Take Ninagawa
Azabu-Juban
1F, 2-12-4 Higashi-Azabu, Minato-ku, Tokyo
Tel. 81-(0)3-5571-5844
Established in 2008, Take Ninagawa is dedicated to promoting emerging and historically established Japanese artists in a cross-generational, international framework. Represented artists build upon precedents in Japanese Postwar experimental art while developing unique approaches for addressing contemporary concerns. International artists in the gallery’s program are invited to respond to the unique context for contemporary art and culture in Japan while giving expression to the broader perspectives they bring with them. Each exhibition at the gallery is conceived on a project basis, with artists encouraged to develop ideas across series of exhibitions. Driven by a mission to produce new values that can challenge entrenched power structures in art and society, Take Ninagawa frequently collaborates on initiatives with other galleries in Japan, the Asia Pacific, and beyond.

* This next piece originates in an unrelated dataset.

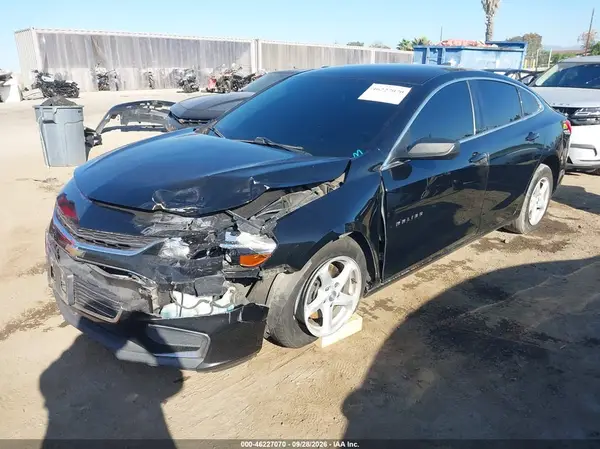 1G1ZB5ST3JF164761 — 2018 Chevrolet Malibu, фото 2 с аукциона IAAI 14.10.2026, Передняя часть слева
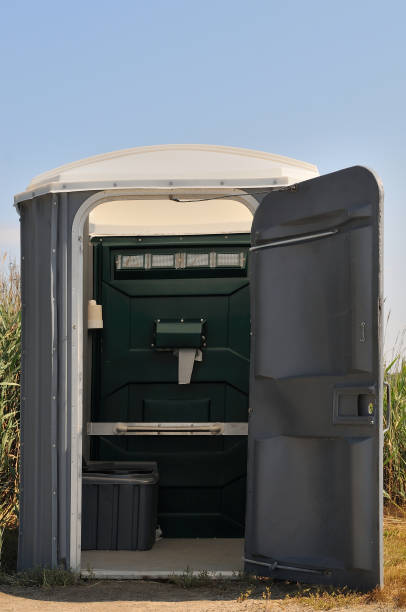 Best Portable bathroom rental  in Garland, TX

Represented artists include Ryoko Aoki, Thea Djordjadze, Kazuko Miyamoto, Shinro Ohtake, Aki Sasamoto, Danh Vo, and Tsuruko Yamazaki.

Installation view of Gozo Yoshimasu’s exhibition “Dear Monster,” Take Ninagawa, Tokyo, 2021
Courtesy of Take Ninagawa, Tokyo, photo by Kei Okano
Exhibition Information
Gozo Yoshimasu
October 29–December 17
Having first emerged as a member of the interdisciplinary avant-garde in Tokyo in the 1960s, Gozo Yoshimasu (b. 1939) combines poetry with performance, audio recordings, photography, and his own moving-image practice, gozoCine. Highlighting the multiplicity of language, his poems traverse diverse geographic and discursive topoi and test the limits of translation.

Written in his characteristic compact scrawl, Yoshimasu’s manuscripts often feature spontaneous applications of mark making, paint, collage elements, and fragments from other texts, so they function as both records of an originary performance and visual scores for future interpretation.

Yoshimasu’s latest project, “Voix” (2019–22), explores how the distinctions between sound and meaning blur in spoken language. Awaiting activation by the reader, these compositions on paper gesture toward a kind of echolocation or aural sounding of their environment through their installation in the gallery space.